These were $15.00 for 15 balls so at a buck a piece I can't  get into much of a loss situation if they are not accepted. .
I will try a few round and some flattened on the bottom and some with silicone .
If I run into a situation where it is more than  just a  a novelty to have a golf ball on top of a stopper  and they want  different brand names  than what I have  , then I can look for ones they want on a special order basis.


----------



## maxwell_smart007 (Jul 15, 2009)

William, the most popular balls are probably Callaway and Titelist...

Honestly, your best bet is probably getting a bag of 'recycled' or 'experienced' balls - they were found on the course and repackaged for sale; that way, you get a variety of brands in one cheap bag/box..even Wallmart sells those...

Andrew


----------



## Daniel (Jul 15, 2009)

First I like the flattened bottom. looks like I would expect a ball to look setting in a tee.
as far as finding balls. unless you are willing to settle for Xouts which are basically rejects for one reason or another. you are going to pay quite a bit for them, even spalding balls are getting expensive. also you will likely be having to buy an aweful lot of brands and styles. Teitlist, Max Fli, and Spalding are just three I can think of cause I use them. If I where interested in having you make me one of these I would most likely reach in my golf bag and give you the ball to make it out of. that way it is made with my favorite ball. the best way I know of you to be able to find most any type of ball one at a time is to go to a local golf club and search through there slightly experienced balls. all pro shops have them and many of these balls have only been struck once, then they took a long bath. I woudl expect to get them for a buck to a buck and a half per ball but you will be able to pick and choose the exact ball you want. there usually will be a pretty well rounded selection in there as well. don't be shy about telling the pro what you are doing, my bet is he has a bigger box of them setting behind the counter. otherwise you should be able to find any ball sold in sleeves of only three balls and not have to buy a full dozen. this gives a couple spares for when the customers buddies call you. of course golfing buddies don't often use the same balls. When I play with my father I will use titelist if he uses Max Fli, or visa versa. the polite reason for this is so that we do not get our balls mixed up. the truth is I would not be caught dead using the same ball as that hacker. lol.
in short the experienced balls are your best chance of getting clean balls in several brands and still have the shirt on your back.

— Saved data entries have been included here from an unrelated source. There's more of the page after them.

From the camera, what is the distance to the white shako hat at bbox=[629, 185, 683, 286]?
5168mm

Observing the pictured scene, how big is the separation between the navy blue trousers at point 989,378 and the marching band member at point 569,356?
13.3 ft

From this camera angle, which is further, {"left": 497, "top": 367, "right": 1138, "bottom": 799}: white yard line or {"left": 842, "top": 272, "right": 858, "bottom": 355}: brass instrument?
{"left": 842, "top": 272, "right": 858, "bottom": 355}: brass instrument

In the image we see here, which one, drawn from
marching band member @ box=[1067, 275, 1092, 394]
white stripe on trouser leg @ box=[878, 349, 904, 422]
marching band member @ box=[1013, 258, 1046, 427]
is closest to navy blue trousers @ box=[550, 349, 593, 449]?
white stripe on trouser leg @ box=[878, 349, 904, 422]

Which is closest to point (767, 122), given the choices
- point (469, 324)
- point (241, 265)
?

edited in: By the way some balls have a liquid center. you might get a bit of an unexpected surprise when you drill into one of them. the fluid did not come from soaking in the lake


----------



## arjudy (Jul 15, 2009)

I like the flattened ball the best.

Try ebay for used golf balls. There are guys out there that retreive them and clean them up and they look brand new but much cheaper then new. Of course if a customer wants a particular ball they could provide it to you.


----------



## W.Y. (Jul 17, 2009)

I started this topic elsewhere as well to get some ideas. Thanks to all who responded and for now I have gone with the majority of suggestions which was logo on top and flattened bottoms for the stainless steel ones .
I am only trying three stainless steel and three silicone for now to see if there is any interest in them. 
I will see what happens at tomorrow mornings craft sale . I am not looking forward to the intense heat of the heat wave we are in right now . It gets awful hot under those 10 x 10 easy-up shelters with full sun beating down on it. Still better than rain or no shelter at all.


----------



## jleiwig (Jul 17, 2009)

Another idea would be to sand the logo off for the flat spot that way no one would really know what type of ball it would be.


----------



## W.Y. (Jul 17, 2009)

jleiwig said:


> Another idea would be to sand the logo off for the flat spot that way no one would really know what type of ball it would be.


 
The logo is on both sides with any I have seen so far . I grind the logo off one side to become the bottom and the other logo shows on top .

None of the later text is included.